Gov. Bruce Rauner says his plan to privatize the state's economic development agency will improve job creation in Illinois. But similar plans in other states and even in Chicago have sometimes raised concerns about transparency and oversight, with taxpayers not always knowing how their money was being spent.
Rauner's plan, currently being considered by the Illinois General Assembly, would turn much of the development work of the Illinois Department of Commerce and Economic Opportunity over to a new, not-for-profit corporation.
Rauner and other supporters say a private agency negotiating tax breaks and other government-funded incentives with companies can move faster and with less red tape than a state agency. They say it could use private money to pay higher salaries and recruit better talent.
"We think the agility comes from having private people that can be much more aggressive," Jim Schultz, Rauner's recently named DCEO director, said in an interview with The Associated Press.
But experts on corporate tax breaks say there's little direct evidence that private development agencies are better than their public counterparts. And skeptics see a potential minefield of ethical challenges in letting a private corporation overseen by political appointees make decisions about which companies receive state subsidies.
"I'm not sure that the best way you eliminate pin-stripe patronage is to hand the decisions over to the guys in pin stripes," said Ron Baiman, director of budget and policy analysis at the Center for Tax and Budget Accountability in Chicago. "I just think it's a horrible idea."
The Republican governor's plan is bundled in legislation that also would eliminate the state Historic Preservation Agency and create a separate agency for the Abraham Lincoln Presidential Library and Museum. Those are moves that Democratic House Speaker Mike Madigan wants, potentially giving both initiatives a stronger chance of becoming law.
The bill would create the Illinois Business and Economic Development Corporation and give it the authority to recruit companies and negotiate deals. That includes EDGE tax credits that have generated controversy the past few years as part of multimillion-dollar deals with Sears Holding Corp., CME Group and others. A board would oversee the corporation, with most members appointed by the governor.
A closer look at similar agencies already operating shows a number of potential pitfalls.
In Chicago, concerns have been raised about a lack of transparency at the publicly funded, not-for-profit World Business Chicago. Mayor Rahm Emanuel chairs the organization.
The Michigan Auditor General in 2013 found that the Michigan Economic Development Corporation significantly overstated job creation, essentially taking companies' word.
In Ohio, JobsOhio has faced a series of problems.
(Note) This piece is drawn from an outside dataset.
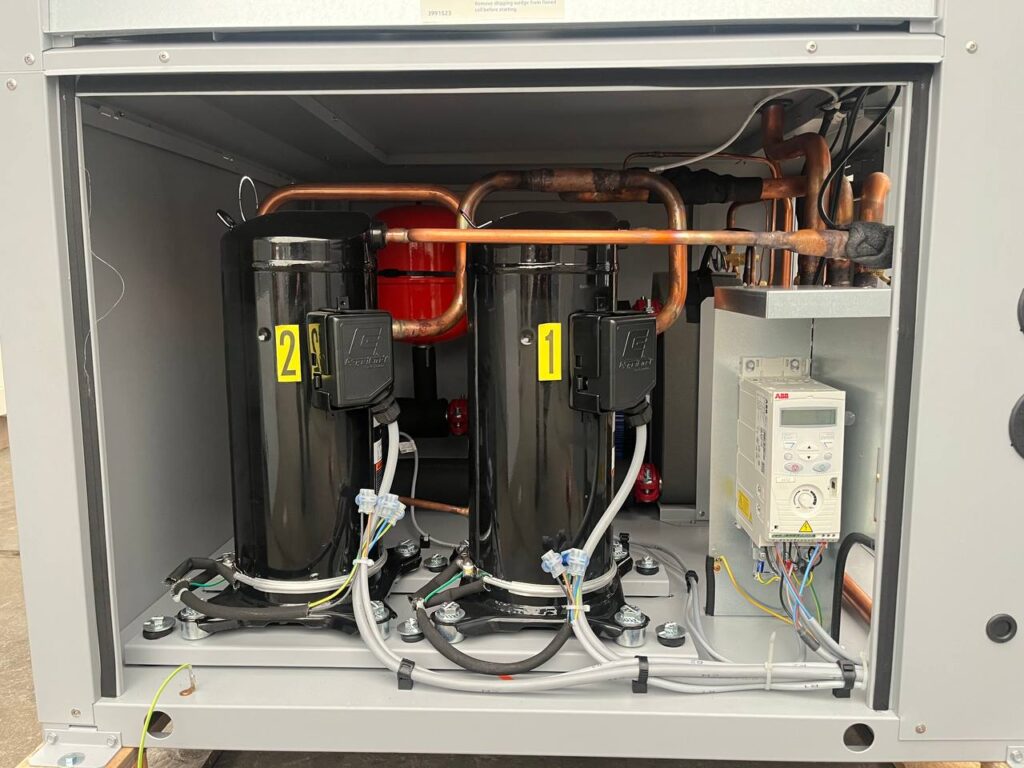 AIRCOOLED CHILLER/heat pump Systemair SYSAQUA 30H.1P 26,9/29,7 kW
Among them was $5.3 million in state funding given to the agency without the Legislature's knowledge and criticism of Republican Gov. John Kasich for filling board seats with campaign contributors.
In Indiana, a federal audit last year found that a company contracted by the Indiana Economic Development Corporation improperly funneled almost half million dollars to a business run by the contractor's chairman. Questions also have been raised about some job-creation numbers reported by the IEDC.
Eric Shields, IEDC's vice president for policy & strategic initiatives, says the agency has learned from those mistakes. It has, among other things, started posting contracts online in response to concerns about job-creation numbers.
"There's always going to be glitches, that comes with the territory," he said, adding that the IEDC makes far more deals than its state predecessor to bring companies to Indiana or help firms expand.
In Illinois, Schultz believes Rauner's plan can avoid such problems. Under the legislation, deals would have to be approved by a new Office of Accountability and Transparency to be set up within DCEO. Once complete, the terms would be made public.
Regarding salaries, records from the Illinois Comptroller's Office indicate that dozens of DCEO employees make close to or more than $100,000 a year. How much more the development corporation would pay would be up to its board.
Rauner has drawn scrutiny since taking office for paying top staff considerably more than former Gov. Pat Quinn, which he says is justified to bring in better talent.
The new corporation also would be funded in part by private donations, Schultz said. Just how much is yet to be determined, but that money would presumably not be subject to restrictions and oversight that would come with some state funds.
State Rep. Jack Franks, a longtime critic of corporate subsidies, hopes the legislation isn't approved so quickly that its details are not considered. He says he's spoken to Rauner about his concerns, but worries the plan would undo the sort of transparency provided in his 2012 legislation requiring disclosure of the terms of tax-break deals.
"I want to make sure we don't go backwards," Franks said.